Plus ça change, plus c’est la même chose (The more things change, the more they remain the same)Jean-Baptiste Alphonse Karr
As things open up and people start commuting back to work, my work times have begun to get back to the usual nine to five. There’s little opportunity now to finish most of my day’s work in a five hour stretch in the morning and then go for a walk. As a result I find that the last time I was out for a stroll in the middle of the day was in late August. I’ve been posting on and off about the great ferment in small businesses: many have shut, others have changed from one business to another. A corner restaurant that I used to duck into for an occasional cup of tea has shuttered down, as you can see in the featured photo.

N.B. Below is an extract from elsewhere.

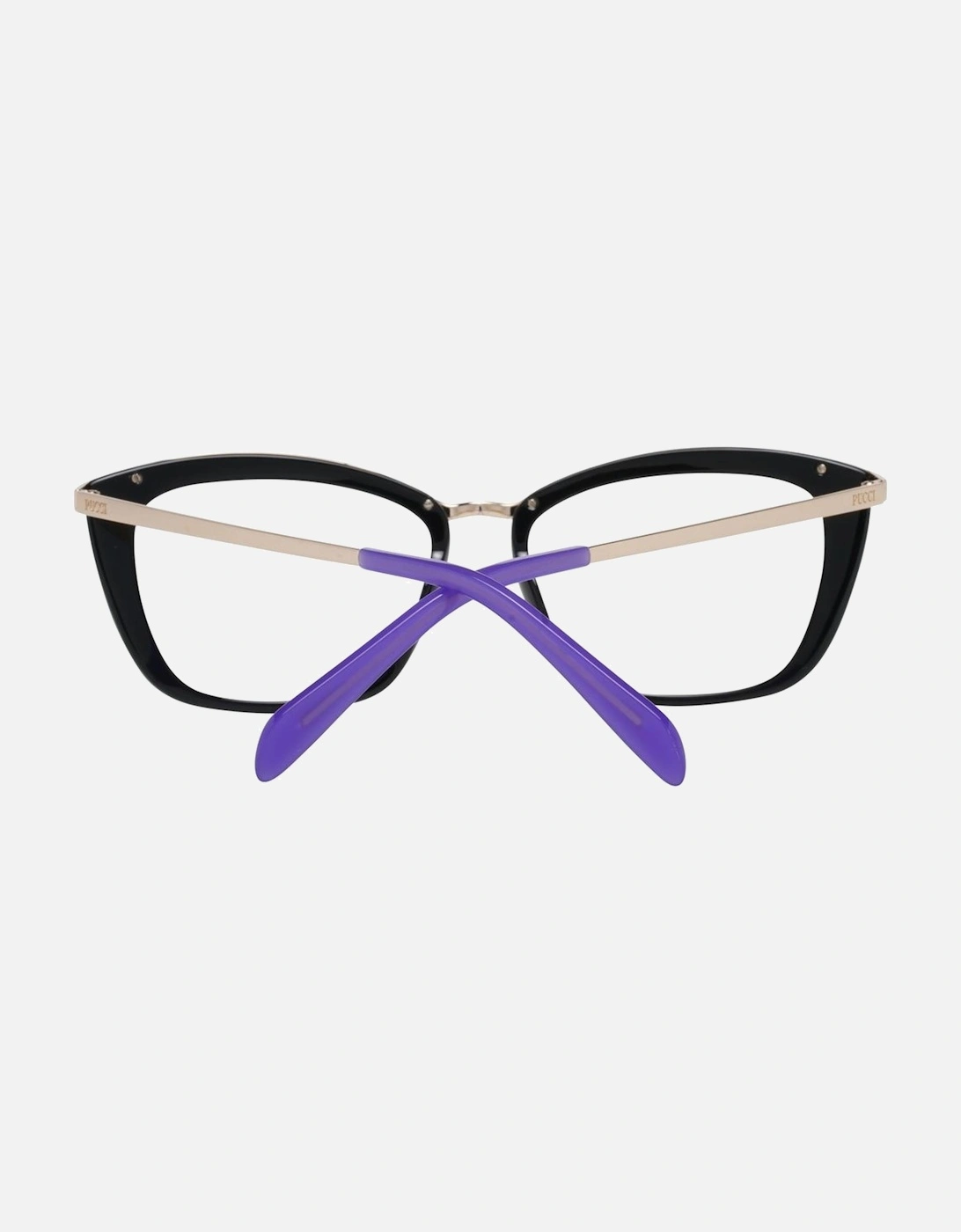 Metal & Plastic Full-Rim Eyeglasses with Branded Case Women - Black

The Family has a favourite fruit vendor. As she chatted with him, I looked at the small but elaborate Jain temple next to the street market he sits in. Religious places are set to open soon, but at the end of August its doors were still firmly shut. All around it business seemed to be on as usual. When I said this to The Family, she gave me The Look. “Don’t you remember how crowded this place used to be in the afternoons?” I don’t any longer, but I can imagine that when people again have unrestricted access to the suburban trains, the crowds here will double.
The market began to fill up by sundown. Many people are still fully masked, but sights like the one above are not uncommon. Mumbai claims to have given one shot of the vaccine to almost all residents, and both shots to a rapidly increasing fraction. In January when I saw scenes like this I was afraid (correctly, as it unfortunately turned out) that we would have a new wave of infections soon. This time, I see this and hope that it signals a return to normal. At least, as long as a new mutant of the virus does not begin to spread.